As Reggie and I sought out more trees for him to water, the sweet smell of burning wood continued to follow us. We kept noticing more and more chimneys with dancing smoke climbing slowly up.
It seems that many in Ely are working hard to free themselves from oil dependence. They are using wood to deprive the Arabs of a chance to bleed us of all our dollars for another barrel of oil. Good for them!
I have noticed at places like McNards and L&M and other sellers of home equipment, that they are displaying more woodstoves than what I have seen in other years. Not only wood stoves but pellet and corn stoves. I know there has been a lot of publicity on corn, but I personally do not think it is a worthwhile technology. First off, I find it hard to take food and use it for fuel. Secondly, with the rising demand for corn for gasohol the current low cost of corn will not last. In fact, the market price has risen over a dollar this fall. For us in Ely, it really does not make sense to haul a bunch of corn home and growing it ourselves is wishful thinking. From what I have seen these corn stoves also cost 5 to 10 times more than a good woodstove. If I lived in Jackson, Minnesota - which is ten miles from Iowa - it might work to burn corn, but I think corn will be a short-term fad.

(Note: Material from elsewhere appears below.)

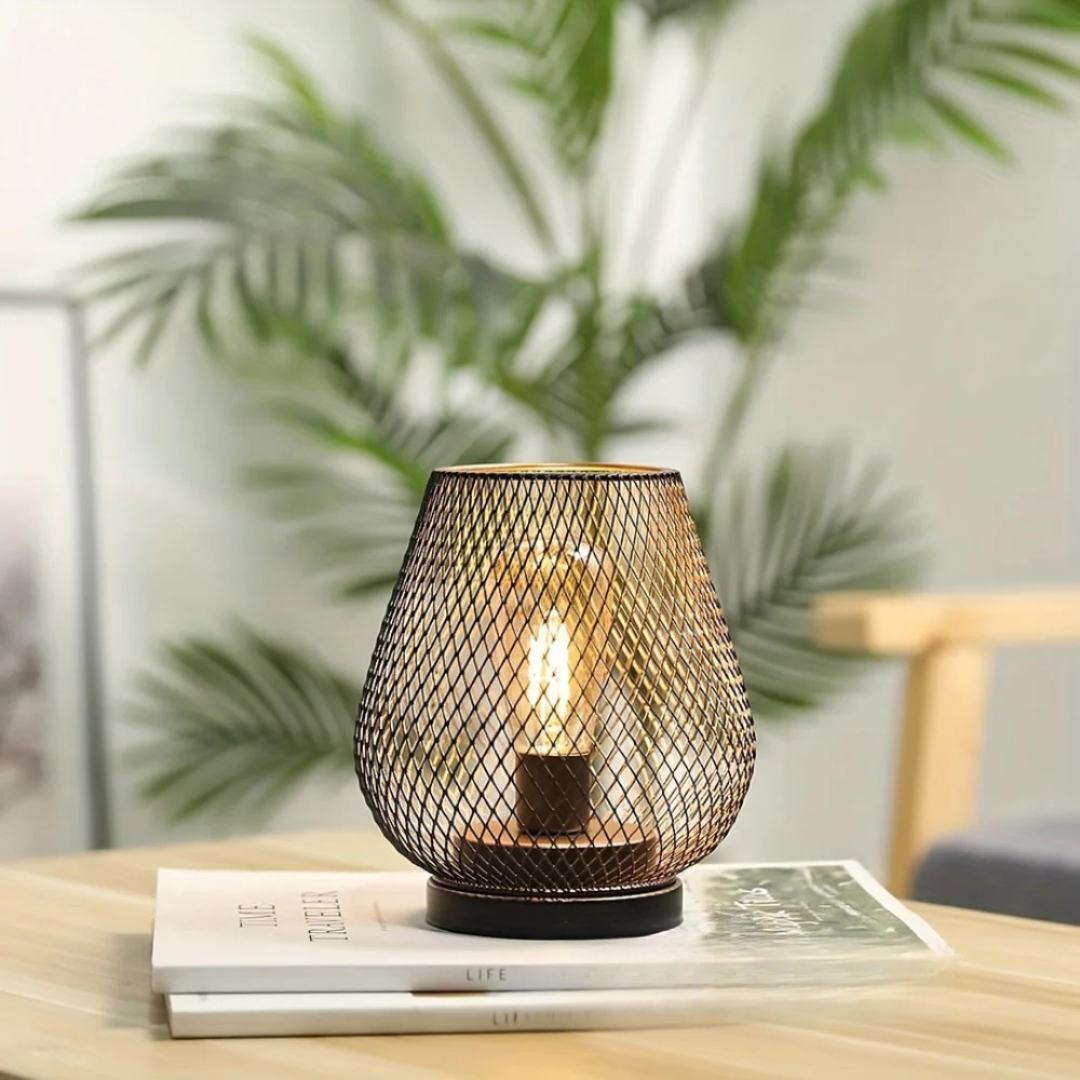 Bordlampe LED Trådløs Bærbar i Metal – Udendørs Belysning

Those fancy pellet stoves also seem way overpriced for a fuel source that you are dependent on buying from pellet manufacturers. I would think that the costs would be lower than corn as pellets can be made of almost anything; sawdust, crop residue, or recycled newspaper. Again, living in Ely means getting the pellets may be the biggest expense. I think the only sensible choice over oil or propane is good old wood for Ely.
There is no doubt we will continue to see the price of oil bounce around. There are too many negative factors to push up the price compared to any positive forces to keep oil cheap. As long as we have to buy much of our oil from Sheiks and Marxists we will continue to be over a barrel. As long as we delay building nuclear power plants and restricting oil drilling we will have to continue to buy from others who have no problem with drilling into their territory.
As a new member of the "wood not oil" crowd, we are doing our bit by heating our home with wood this year. We did not get an early enough start on this project to be fully ready for winter, but we will make a big dent in our fuel oil bill. For those who have been burning wood for years - you were the futurist of Ely.
The one nice thing is we did get some free energy in the mail. We found political advertising has a very high BTU rating due to the BS factor. The only problem is political energy doesn't last and doesn't smell as good as wood.
I invite others to switch to wood. It is good for you. Everyday you will get some well-needed exercise carrying in your daily supply of heat. Also, I think it is sometimes more beneficial and educational to watch a fire burn rather than the TV. So I hope others join the energy revolution by heating with a very renewable resource. Heat with wood and freeze an Arab!